Why Smart Investors are Going Green

by Jim Simcoe on March 5, 2010

  
green real estate investing

I am a tree-hugging capitalist.

If you’re a real estate investor, you should be as well.  Going green is the single greatest advantage for any real estate investor in any real estate market. 

Why?

Four main reasons:

Bigger Pockets- Put simply, green properties sell (or rent) faster and for more money.  Green properties cost less to operate (usually 30-60% less) and are more valuable.  In fact, they appraise average of 10-15% higher than a comparable home according to a study done by SmartMoney in 2008.

Higher Demand- The demand for green properties (SFR, rentals, commercial, multi-family, etc) continues to skyrocket.  As consumers become more educated about green living they are more frequently demanding green elements. ‘Green’ used to be only for the tree-huggers. Now it’s for anyone who wants lower utility bills and a healthier, more comfortable place to live or work.  The fact that ‘green’ is en vogue right now is a bonus.

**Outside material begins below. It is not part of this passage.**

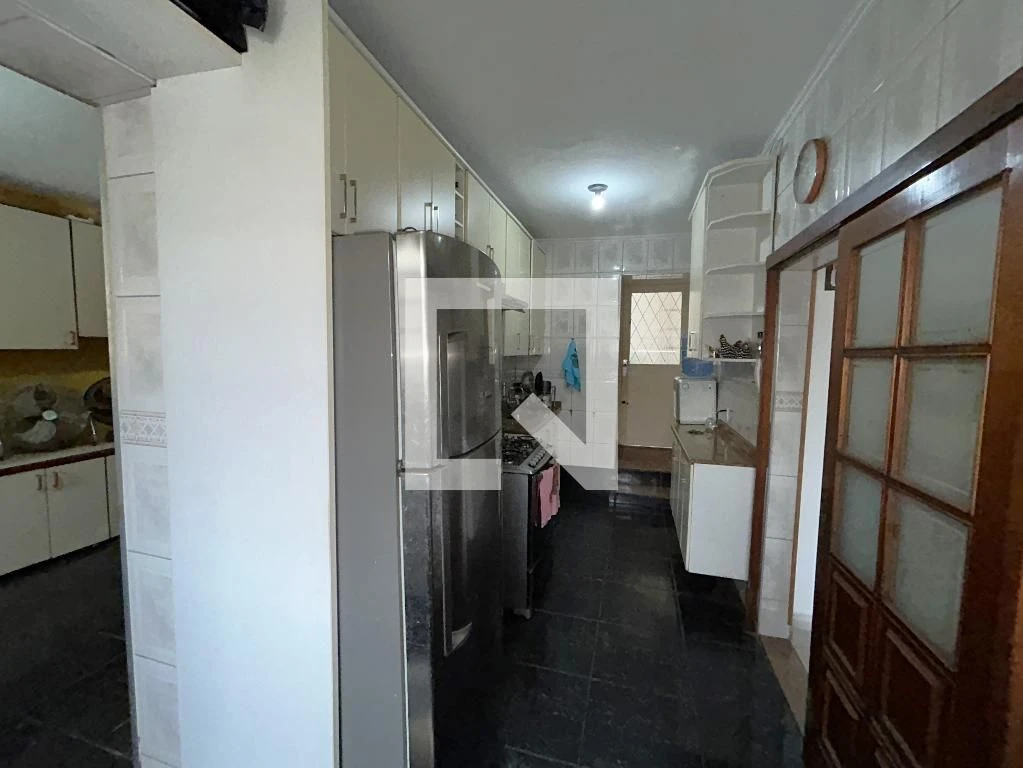 Furnished house for rent with 3 bedrooms and a balcony — photo 27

Limited Supply- Green homes continue to account for a very small piece of the residential marketplace.  Even with builders and rehabbers hopping on the green bandwagon, supply is far less than current demand. It will be several years before this ratio starts to even out.

Free Cash!- Right now there are literally billions of dollars available to real estate investors to either build or rehab green. Money is available through a variety of rebates, incentives, tax credits, etc for all levels of green property upgrades.  From $2 lightbulb rebates to $250,000 subsidies for green building, the incentives are there.  A great place to find them is the Database of State Incentives for Renewables and Efficiency.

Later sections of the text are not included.